The joint core strategy sets out where 30,500 homes will be built between 2011 and 2031 across Tewkesbury, Cheltenham and Gloucester.
And as Tewkesbury’s main man on the JCS, Mr Davies knows first-hand just how difficult it has been to get everyone on the same page, with all three councils finally voting in favour of the final version of the plan last week.
However, he believes a significant number of councillors across the three JCS partner authorities who voted on the plan still don’t understand the issue, five years after the plan process started.
He said some councillors are “not as well informed as they ought to be” and that “absolutely” one of the reasons the plan has taken so long to progress is because officers have had to butt heads with some members who simply don’t know what they are talking about.
Mr Davies sums up the arguments around the JCS as “evidence versus ignorance”.
He believes that a lot of the criticism thrown at the JCS – worries about flooding, for example – are the same old arguments that are always brought out whenever someone doesn’t want something to happen.

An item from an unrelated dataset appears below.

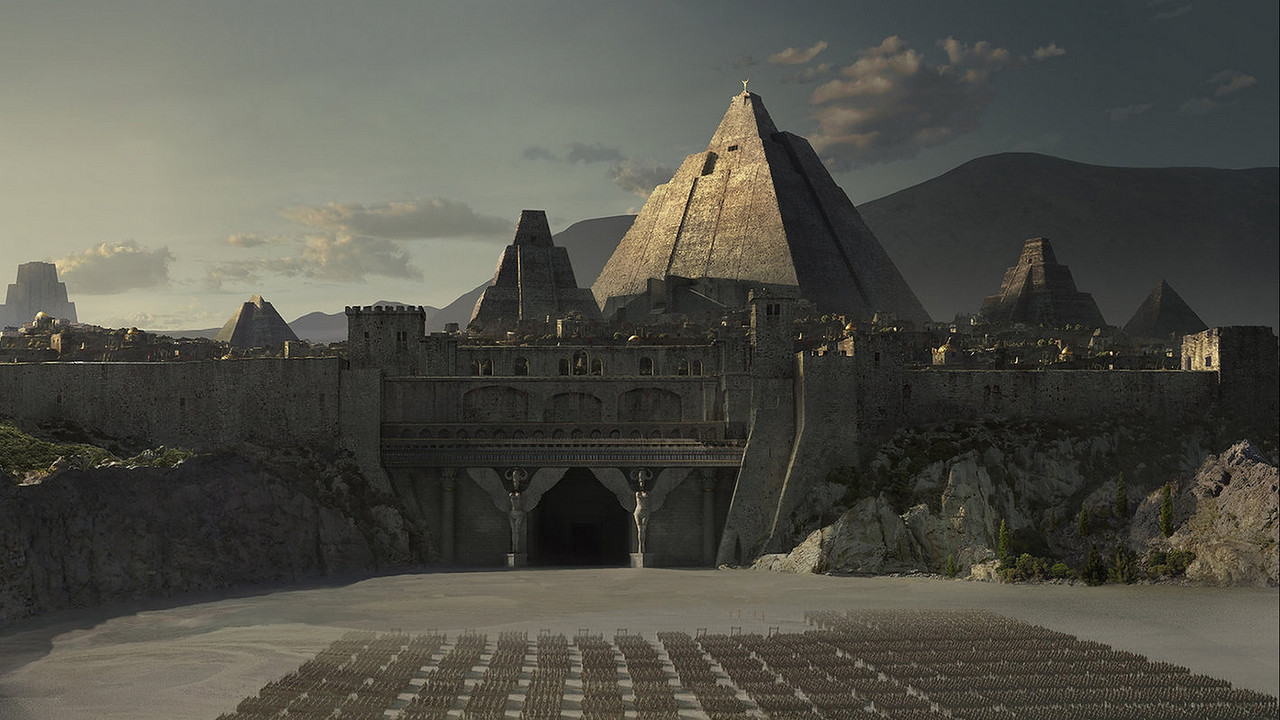 Game of Thrones - Season 1 Episode 3 : Lord Snow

He does not believe the predictions made by some councillors and campaigners will ever actually come to fruition but he says their position is “perfectly natural”.

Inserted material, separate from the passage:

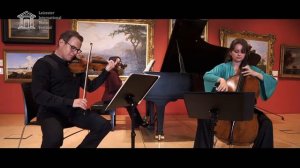 Schubert: Nocturne Op. posth D. 897 for piano trio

“If you are comfortable, why would you want to have somebody else come and live next door to you or in your area? You wouldn’t,” he said.
“Everybody is looking for a good reason not to have development instead of looking for a good reason to have it.
“That is human nature and you are never going to stop it.
“I understand it. But you would never ever get a plan if everyone took that view. We are all selfish human beings.”
While Mr Davies can understand where critics of the plan are coming from he does think their arguments are fundamentally flawed, especially on whether or not the number of houses to be built should be drastically reduced.
“If you dig down deep enough they are wrong,” he said.
“But it is understandable and they will fight their corner and they are entitled to.
“But there ought to be a time when some people will stand up and say: Fair dos.”
One of the most controversial decisions taken during the formation of the JCS was that the village of Highnam will not take any sizeable housing development over the plan period.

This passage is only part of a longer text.